Blood Supply
The superior pole of the gland is supplied by multiple branches of the superior thyroid artery as it originates from the external carotid artery.
During thyroidectomy great care must be taken to expose the avascular space between the cricothyroid muscle and the superior pole of the gland. The branches of the superior thyroid artery should be ligated as close to the gland as possible to prevent inadvertent incorporation of the external branch of the superior laryngeal nerve.
This nerve often runs in a similar path with the superior thyroid artery; its anatomic variations are well described by Cernea et al.4
In addition to exposing the avascular cricothyroid space, the lateral aspect of the superior pole needs to be dissected free of the overlying sternothyroid muscle. Inferolateral traction on the gland is crucial in exposing both of these planes of dissection to safely ligate the superior pole.
The inferior thyroid artery arises from the thyrocervical trunk and gives off terminal branches entering the posterolateral aspect of the thyroid at the junction of the upper and middle third of the gland. It is intimately associated with the recurrent laryngeal nerve and runs along a course that generally intersects the nerve as its branches terminate in the gland.
Venous Drainage
Venous drainage of the thyroid gland is variable and occurs through a variety of intercommunicating vessels. The venous network may be divided into three separate regions: the superior veins (draining the superior pole and adjacent to the superior thyroid arteries); the middle thyroid veins (which may be absent in some patients), traveling laterally from each lobe and emptying into the internal jugular vein; and the inferior thyroid veins, draining the inferior pole and adjacent to and coursing with the thyrothymic ligament.
Nerves
Three major components of the nervous system are encountered in thyroid surgery. At the superior pole of the thyroid is the external branch of the superior laryngeal nerve (EBSLN). It is a branch of the vagus nerve and is the motor nerve supplying the cricothyroid muscle. As previously noted, its close but variable course to the superior pole vessels place it at risk for injury during thyroidectomy.4 When effort is taken to identify it as it courses through the cricothyroid space, the nerve may be found in more than 90% of cases.

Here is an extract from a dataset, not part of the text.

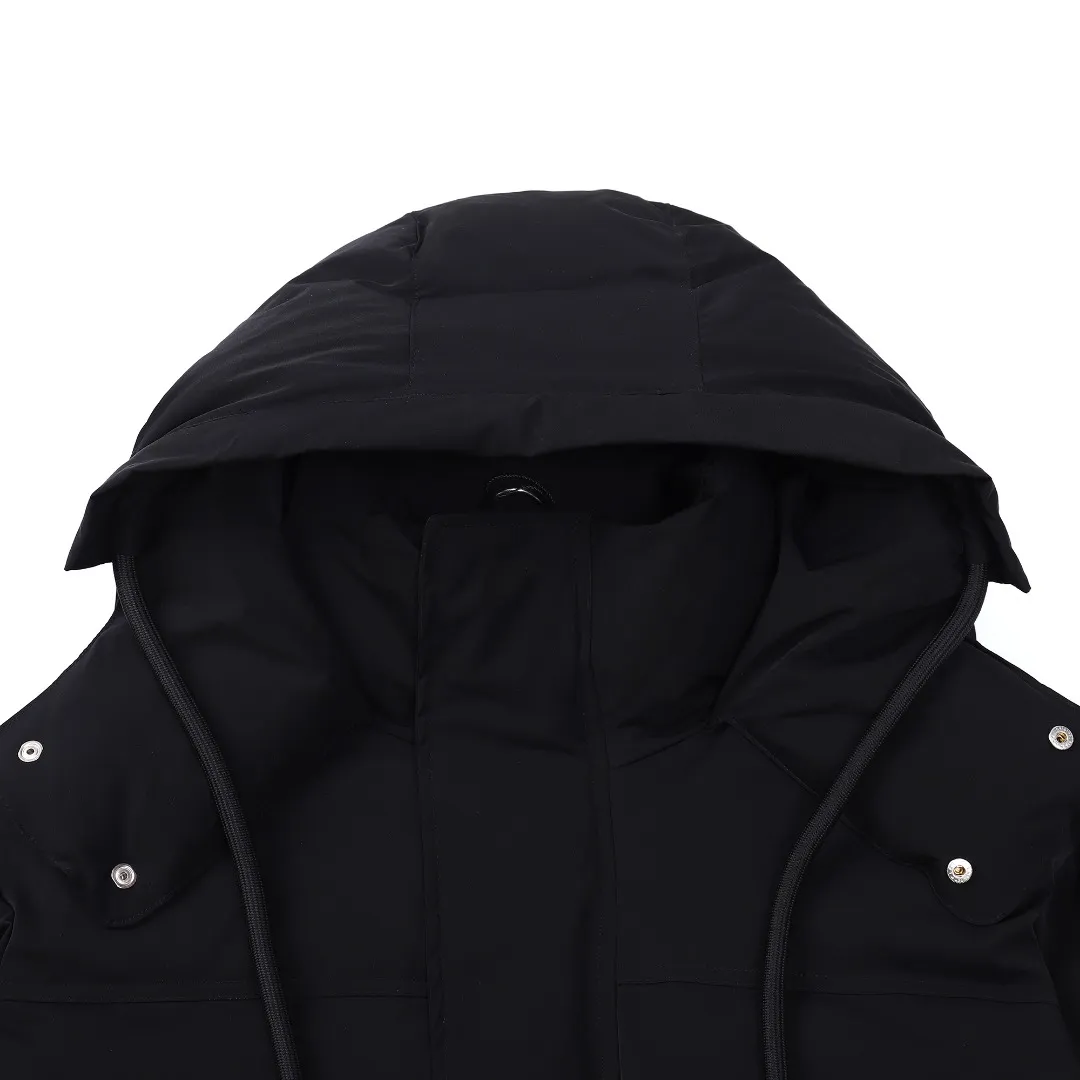 🅿️1160 style number~~F280 purchasing version AMIPARIS Ami de coeur winter limited capsule bread down jacket for men and women. Design concept: Ami limited down jacket from France lasted for half a year. The authentic product was purchased overseas in mid-May. From the fabric, LOGO, and even as small as a pocket or a button, every detail of this one is attractive enough and can become the highlight of your body. In addition to the refreshing and refined clothing style, this style has all original molds from fabrics to metal accessories to velvet. AMI conveys a relaxed and casual concept, giving people a feeling of comfort and casualness. Fabric + Features: ✅Unique double-layer lightweight bonded polyester military fabric, which is also AMI's unique patented technology, is a multi-functional fabric. ✅The lining is made of fine and dense renewable microfibers, which is light, soft and delicate. ✅Made using kp-ls fully automatic mechanical special woven fabric machine, it has windproof and waterproof, highly breathable and warm, elastic and wear-resistant properties that cannot be achieved by ordinary fabrics. ✅ Made of original national standard 90% white duck down. 800 fill power, the whole garment weighs 3 pounds, the average down filling is 450g, the top ultra-thick version on the Internet ✅ The zipper is made of YKK white copper zipper, which is the same as the original electro-plated Keyu hardware double ring zipper puller. Copper and nickel can be infinitely dissolved into each other, thereby forming a continuous solid solution, that is, regardless of the ratio of each other, they are always α-single-phase alloys. When nickel is melted into red copper and the content exceeds 16%, the resulting alloy becomes as white as silver. The higher the nickel content, the whiter the color. The nickel content in cupronickel is generally 25%. Manganese, iron, zinc or aluminum can also be added to become special white copper. The cost can be imagined. ✅The original proportional love logo patches are all laser-cut and have a loose fit. The hooded collar design is better for warmth. ✅Super fluffy and loose bag feel, hooded design, super fluffy and high-loft bag shape, thick and wide threaded sleeves can prevent wind from entering, ✅ Continuing AMIParis' usual design of combining leisure and elegance, each item is equipped with a heart pattern that is highly distinctive of the brand. Craftsmanship: Imported unique double-layer lightweight bonded polyester military fabric, high-density waterproof fabric, national standard 90 white duck down, extremely high fluffy, excellent warmth retention effect, no matter how cold it rains or snows, it can be done in one piece, like a walking duvet, unique drawstring design, the rope ends are made of Designed with a metal capsule, coupled with a wide hat and thick rope, the accessories/buttons/spring buckles are exquisitely made. The international first-line luxury brand COBRAX buttons are used. COBRAX buttons are several times or even ten times more expensive than similar ordinary products.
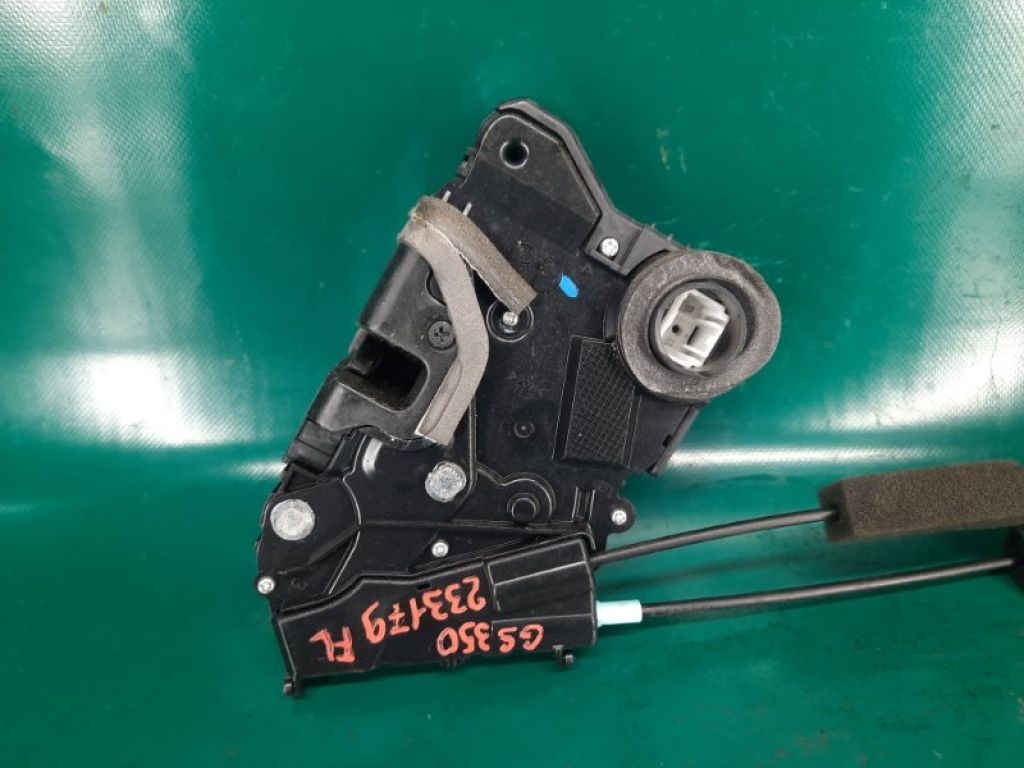 69040-30A40 | Замок двері передн. лів. LEXUS GS350 GS300 05-11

The recurrent laryngeal nerves (RLNs) ascend from the thoracic inlet along the right and left tracheoesophageal grooves. Compared with the nerve on the left, the nerve on the right courses in a more lateral to medial oblique path. The nerves may give off anterior or posterior branches before entering the larynx. There are many variations of the nerve and its relation to the ligament of Berry as well as the inferior thyroid artery; however, it can generally be encountered passing into the pharynx in a cleft just medial to the tubercle of Zuckerkandl.1 A nonrecurrent laryngeal nerve is rare (<1%); if present, it is usually found on the right. Left-sided nonrecurrent laryngeal nerves are extremely uncommon, although a recent case report noted a patient with a right aortic arch, an aberrant left innominate artery, and the absence of a ductus arteriosus.5 A nonrecurrent nerve tracks along the same course as the vagus and sweeps from lateral to medial in the jugulocarotid groove. It is most commonly associated with a retroesophageal aberrant subclavian artery (lusorian artery).
An additional set of nerves that deserves mention are the sympathetic–inferior laryngeal nerve anastomotic branch (SILABs), which run between the cervical sympathetic ganglia and the recurrent laryngeal nerve with fine direct anastomosis and then run onto the surface of the gland itself. The SILAB may be larger than the RLN and as such leads to confusion in identification of the RLN, thus placing it at risk for injury. SILABs may be divided with impunity during capsular dissection, but their visualization is necessary to ensure proper identification and preservation of the RLN.1
The thyroid gland is highly vascularized with arterial blood derived from the superior and inferior thyroid arteries. The veins draining the thyroid gland form a plexus on the surface of the gland and on the front of the trachea and give rise to the superior, middle, and inferior thyroid veins, which drain into the internal jugular and innominate veins. The lymphatic vessels end in the thoracic and right lymphatic trunks. Innervation to the thyroid gland is provided through the middle and inferior cervical ganglia of the sympathetic nervous system.